Antioch taps postal, garbage workers in crime fight
A program to get garbage collectors and U.S. Postal workers to help reduce crime is getting national attention.
A program to get garbage collectors and U.S. Postal workers to help reduce crime is getting national attention.
It isn’t among the typical tools used to fight crime, but a program unveiled by Antioch police to get garbage collectors and U.S. Postal workers to help reduce crime is getting national attention.
As part of a program dubbed “Looking Out For You,” officials with Antioch’s understaffed police department are asking postal workers and employees of the city’s trash collector — Republic Services Inc. — to give them a hand in spotting crime.
Police stress they aren’t asking for the workers to chase down or apprehend criminals, but to give them a call when they see something suspicious.
As part of the program, postal and trash workers are being trained to identify criminal activity. They’re also being provided with laminated copies of the department’s phone numbers to call if they see something suspicious.
The move comes as the department — like many police agencies in the Bay Area — deals with staffing shortages and a spike in crime.
The city of 102,000 had 126 officers to patrol Antioch’s streets in 2007. That’s now down to 87 officers, contributing to what some city leaders have termed a “crime emergency.”
This week, for example, two people were killed and a third person was wounded in separate shootings during an 8-hour stretch of violence in the city.
Antioch police Chief Allan Cantando says the city experienced a drop in serious crime during the first quarter of the year when compared to last year.
But Cantando acknowledged in a statement the relationship between the number of officers on the street and the crime rate:
“Although there is no scientific formula, there is a correlation between reduced police staffing and increased crime rates, reduced arrests, and increased response times.”
Cantando says the department is streamlining its hiring process to get the department back to its authorized workforce of 102 officers.

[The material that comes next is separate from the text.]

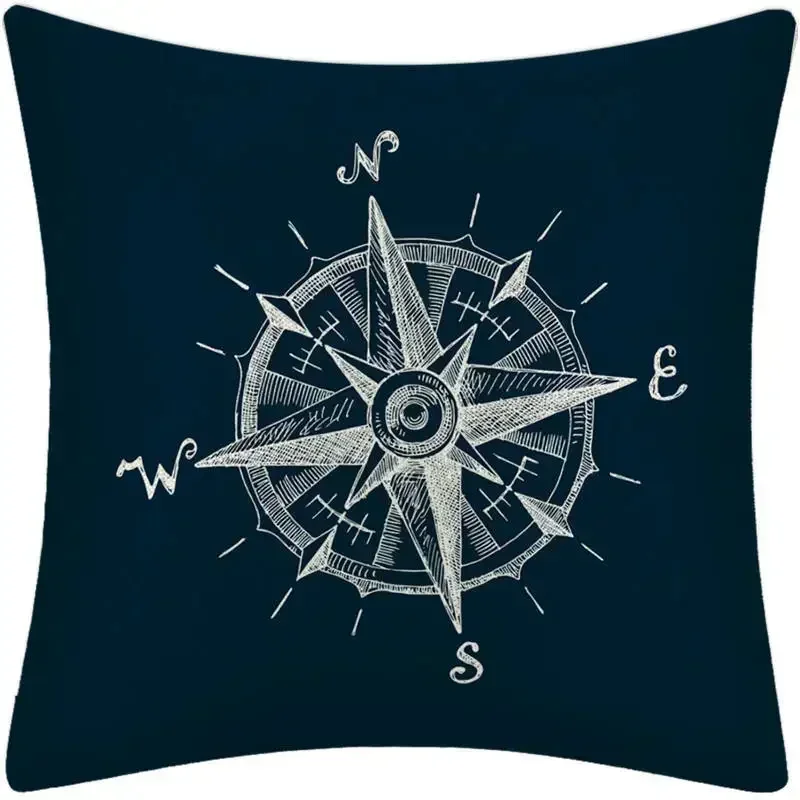 Nautical Style Compass Pillowcase 45x45cm Linen Cushion Cover for Home Decoration Mediterranean Sofa Accessories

Antioch police have also asked other agencies for help, including the California Highway Patrol and Contra Costa County Sheriff’s Department. Cantando says those agencies are dealing with their own staffing shortages:
” There is a shortage of police officers in California. … The media has been covering this story for months. The City of Antioch is competing with other agencies that are looking to recruit qualified officers.”